Security issues

[bnorman93]

I am having the hardened security issue i have went in and edited the .htaccess file and its still saying that i need to update the number but there are a bunch of .htaccess files that i have found throughout the system and have updated them. I have nextcloud running in a jail on my truenas operating system. Thanks for any help in advance! Nextcloud security advisor is still saying the hsts and these errors with it:

• The "Strict-Transport-Security" HTTP header is not set to at least "15552000" seconds. For enhanced security, it is recommended to enable HSTS as described in the security tips ↗.
• Your web server is not properly set up to resolve "/.well-known/webfinger". Further information can be found in the documentation ↗.
• Your web server is not properly set up to resolve "/.well-known/nodeinfo". Further information can be found in the documentation ↗.
• You have not set or verified your email server configuration, yet. Please head over to the Basic settings in order to set them. Afterwards, use the "Send email" button below the form to verify your settings.
• Your installation has no default phone region set. This is required to validate phone numbers in the profile settings without a country code. To allow numbers without a country code, please add "default_phone_region" with the respective ISO 3166-1 code ↗ of the region to your config file.

 

[Rajstopy]

Hi !
Same here...
Would be so good to have some guidance, I'm not an NC expert at all ...

Cheers

 

[Patrick M. Hausen]

How did you install Nextcloud? If you used danb35's script - that doesn't use Apache, so .htaccess files are ignored. You need to enter the correct statements into the web server configuration.

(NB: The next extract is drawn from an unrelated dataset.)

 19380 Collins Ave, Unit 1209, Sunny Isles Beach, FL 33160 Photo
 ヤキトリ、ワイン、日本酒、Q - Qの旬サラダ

If you are using Nginx, the Nextcloud documentation has a very extensive example:

NGINX configuration — Nextcloud latest Administration Manual latest documentation

 

[bnorman93]

How did you install Nextcloud? If you used danb35's script - that doesn't use Apache, so .htaccess files are ignored. You need to enter the correct statements into the web server configuration.

If you are using Nginx, the Nextcloud documentation has a very extensive example:

NGINX configuration — Nextcloud latest Administration Manual latest documentation

That’s what I’m using is nextcloud in a jail I’m assuming it’s nginx, when I try to go to the var/we/nextcloud it doesn’t exist mines under var/usr/local/ data or www/ nextcloud

 

[Patrick M. Hausen]

Nginx config would be in /usr/local/etc/nginx in FreeBSD, Inside the jail, not on the TrueNAS host. Why are you "assuming" it's Nginx? You did pkg install nginx, didn't you? If you used danb35's script, it's possibly not Nginx but Caddy or something different altogether. You need to know what you are running.

 

[bnorman93]

Nginx config would be in /usr/local/etc/nginx in FreeBSD, Inside the jail, not on the TrueNAS host. Why are you "assuming" it's Nginx? You did pkg install nginx, didn't you? If you used danb35's script, it's possibly not Nginx but Caddy or something different altogether. You need to know what you are running.

You nailed it and it’s FreeBSD, thank you! The /var/www works but not the nextcloud directory after that there’s only a html folder under that directory

 

[TYFLOOZY]

Hello, What command is used to input "'default_phone_region' => 'US'," into my nexcloud shell? I'm newer at commands so trying to find the full sequence of commands to make this happen.

 

[danb35]

What command is used to input "'default_phone_region' => 'US'," into my nexcloud shell?

You've replied to a year-old thread on a very different question, so I doubt you're going to get much help here--you'd be better off starting a new thread. When you do, you can include quite a bit more information about your installation--like which version of TrueNAS you're running and how you installed Nextcloud, for starters.